Freedom of the press is guaranteed by law, but problems persist. The government has been hostile to independent outlets. In 2011, there were several attacks on journalists, in particular on the editor of the newspaper Afrika, which is critical of the government and the Turkish military’s presence on the island; nationalist groups were accused of orchestrating these actions. In September 2012, the government launched an investigation into Afrika’s publication of documents critical of the prime minister.

A 1975 agreement with Greek Cypriot authorities provides for freedom of worship, and the TRNC is officially a secular state. However, according to a March 2012 report from the U.S. Commission on International Religious Freedom, religious activities of non-Muslims are subject to some regulations, and there are still disputes over the condition of Christian churches and access to religious sites. In 2012, the CTP opposed the opening of an Islamic divinity school, which it claimed the Turkish government supported. Academic freedom is generally respected.

Freedoms of assembly and association are generally upheld, though police have been criticized for disrupting protests and allegedly using excessive force. Civic groups and nongovernmental organizations generally operate without restrictions. Workers may form independent unions, bargain collectively, and strike. However, in January 2012, a government decree blocked a strike of electrical workers in January 2012, and two dozen union members were arrested in August at a protest over government austerity measures.
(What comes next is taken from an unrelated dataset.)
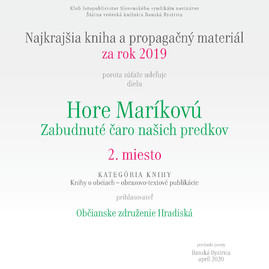 Zväčšiť fotografiu - Kniha o tradičnej kultúre v marikovej získala dve ocenenia - kfp-npm-diplom-2020 (1)-11
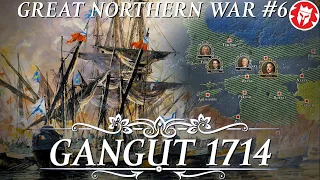 End of the Swedish Empire - Gangut 1714 - Great Northern War DOCUMENTARY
The judiciary is independent, and trials generally meet international standards of fairness. Turkish Cypriot police, under the control of the Turkish military, sometimes fail to respect due process rights, and there have been allegations of abuse of detainees. Lawyers’ associations and journalists have actively worked to remedy irregularities in the justice system.

The only direct flights from the TRNC are to Turkey. All EU citizens, including Greek Cypriots, can now travel to the north by presenting identity cards and no longer require passports or visas. Most governments do not recognize TRNC travel documents, so thousands of Turkish Cypriots have obtained RC passports since the option became available in 2004. However, in 2008, Turkey began forbidding Turkish Cypriots from leaving the TRNC through Turkey without TRNC passports.
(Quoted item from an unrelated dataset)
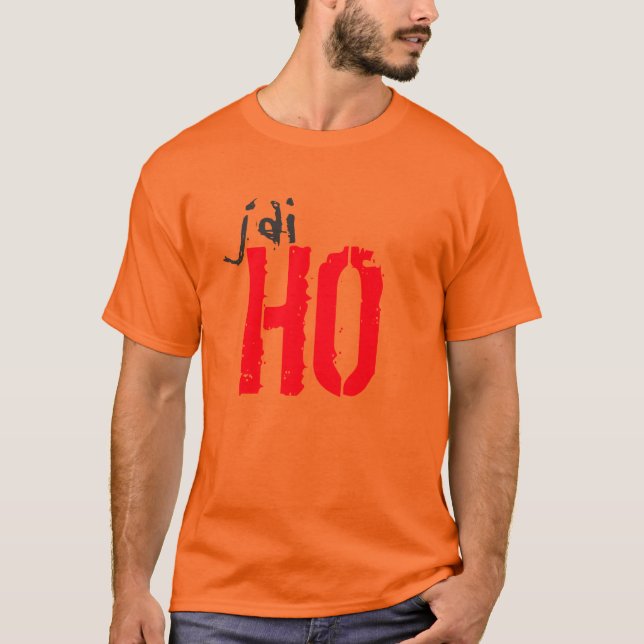 Camiseta jai HO (Anverso)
A property commission formed by the TRNC in 2006 has resolved hundreds of restitution claims by Greek Cypriots who owned property in the north before the island’s division. The European Court of Human Rights (ECHR) recognized the commission in 2010 as an “accessible and effective” mechanism. In July 2012, the RC government approved a controversial land swap involving property on both sides that was previously approved by the commission and the ECHR.

According to Articles 171 and 173 of the criminal code, male homosexuality is punishable with jail time. Two men were arrested in January 2012 for allegedly engaging in a homosexual act. In July 2012, a case was filed with the ECHR against Turkey—deemed responsible for administering the TRNC—to decriminalize homosexuality, though the law had not been repealed as of year’s end.

Women have equal legal rights with men, but reports suggest that they face widespread discrimination. Women are under-represented in politics, and only 4 of 50 members of parliament are women. Provisions for equal pay for women are not always enforced. In 2011, the government adopted the Council of Europe’s Convention on Violence Against Women, but surveys suggest domestic violence is a major problem. The TRNC is a destination for trafficking in women, and local officials have done little to address this problem. Abortion is legal, but married women must receive permission from their husbands.